Wow, a bigger flop than my run of Bacchanal? Which I am still processing two months later?

(I know: we sort of talked about this in the car, but sorry for not making my reservations clearer. I reckon I was torn between “Capes will probably kind of work if they follow the tutorial” vs “I guess we don’t want to disappoint a whole bunch of people who’ve chosen to play a particular game.” Something I’ve learned for next time.)

I think your pre-scheduling idea is a good one … or at least roughly scheduling, and keeping a little bit of flexibility to move things around on the day?

Sophie
July 17, 2009

It possibly was a bigger flop. At least in your game one person around the table had a rough idea about how this was meant to go! But never mind, we live an learn.

Yeah, that’s a good call. Roughly work things out, have a quick re-shuffle before first round and see how that goes.

Curtis
July 17, 2009

Y’all are too hard on yourselves. You’re both great, outgoing gamers and I bet the sessions were at least educational which was at least half the purpose.

I think rather than focus on time slots, it might be easier to plan around game tables… Each table runs for a set time.

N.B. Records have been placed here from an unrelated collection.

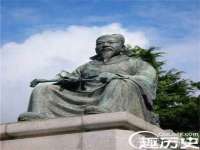 河北即悦文化传媒有限公司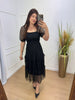 Vestido Jessica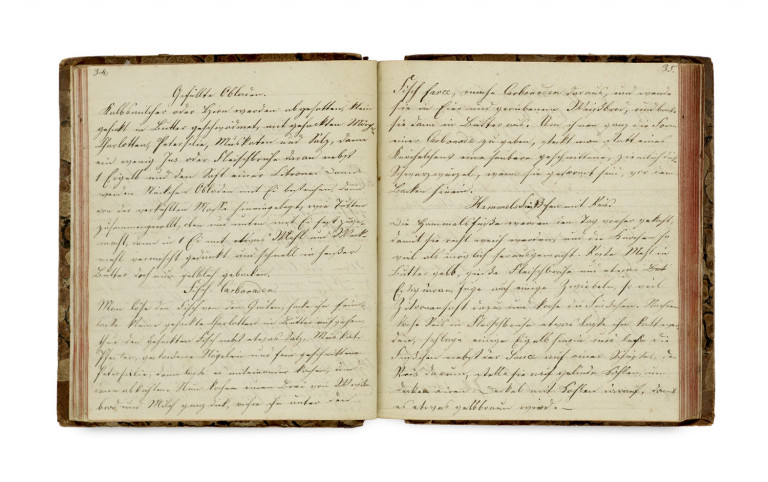 Bild:
                        Los 127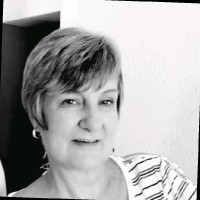 Belinda Hoffmann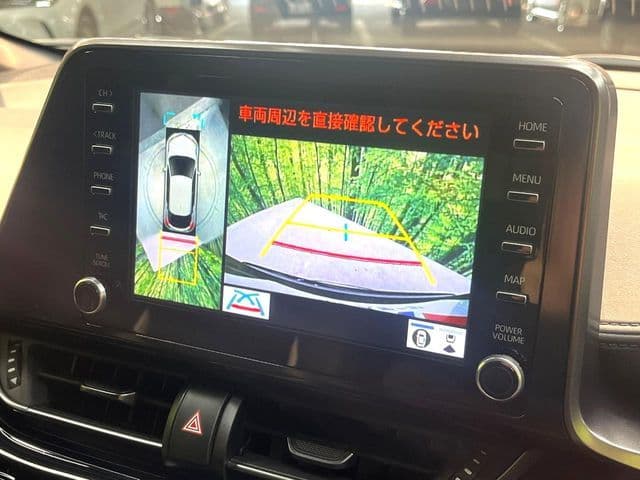 Car thumbnail 4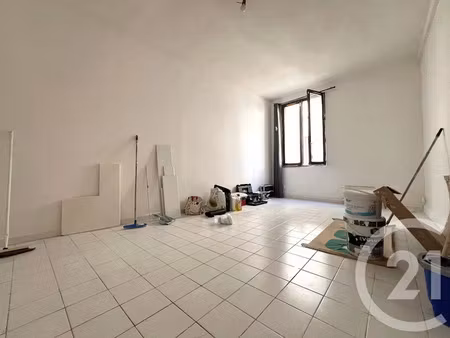 vente appartement 1 pièce 24.02 m² à etampes (91150)  65 000 €
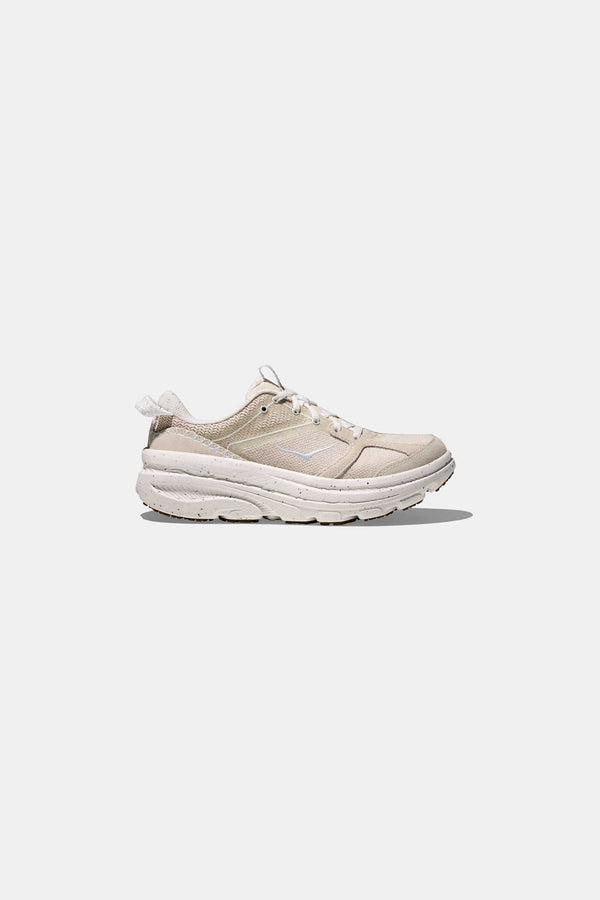 HOKA: Vibrant Bloom Bondi B3LS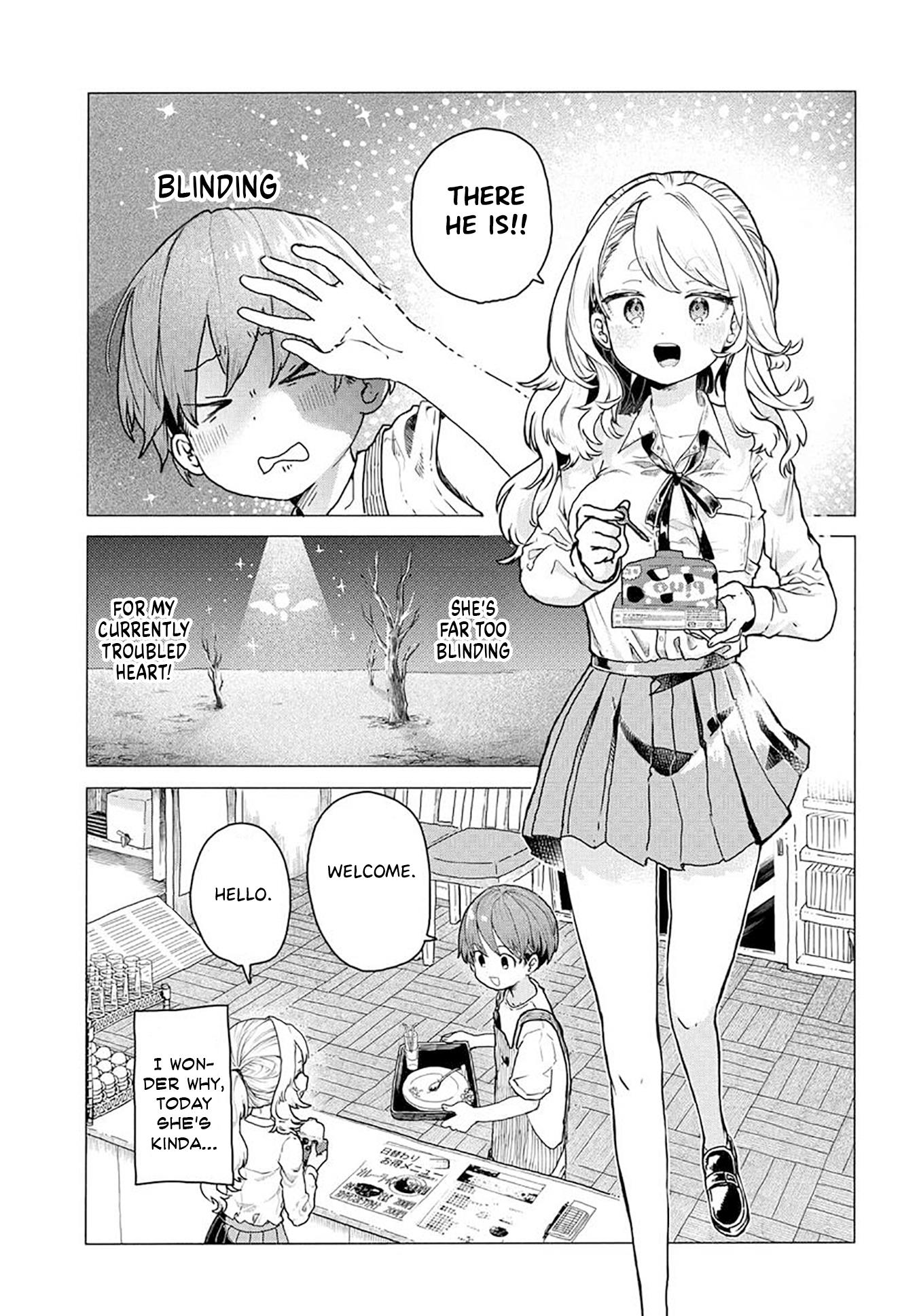Page 3 of Chapter 15
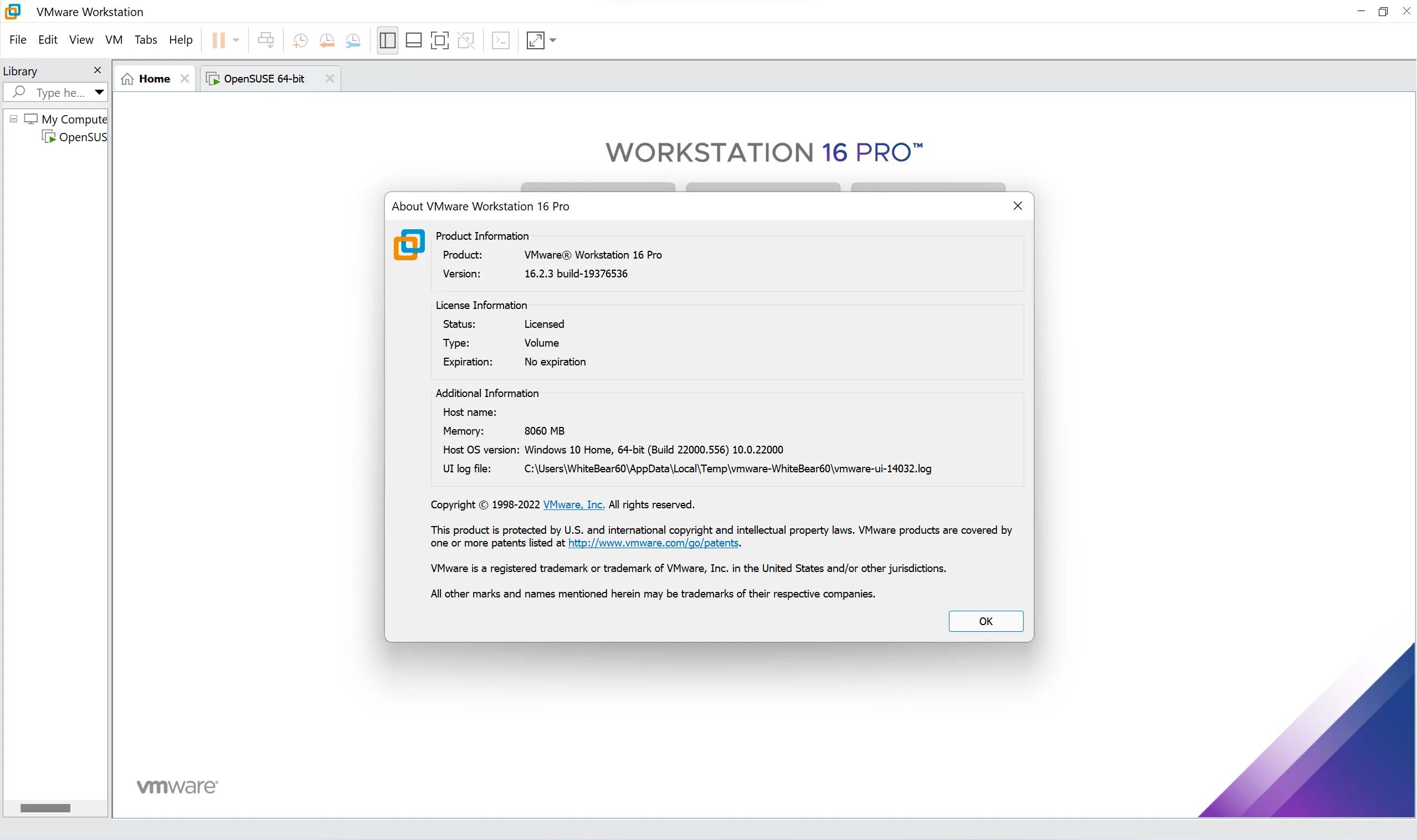 Vmware workstation pro. Workstation 16 pro. Интерфейс vmware workstation 16 pro. Vmware workstation 12. Workstation 16 pro.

So if you have 6 game tables maybe two of them run 4 hour games and four of them run 2 hour games.

You might add a bidding concept where attendees are given tokens to “buy in” to any particular session so if demand is tight for one table, players can spend effort once to make sure they get in. The act of bidding might be fun in itself.

But it seems a good secondary goal of this game day is to try new things and that should be probably mentioned up front.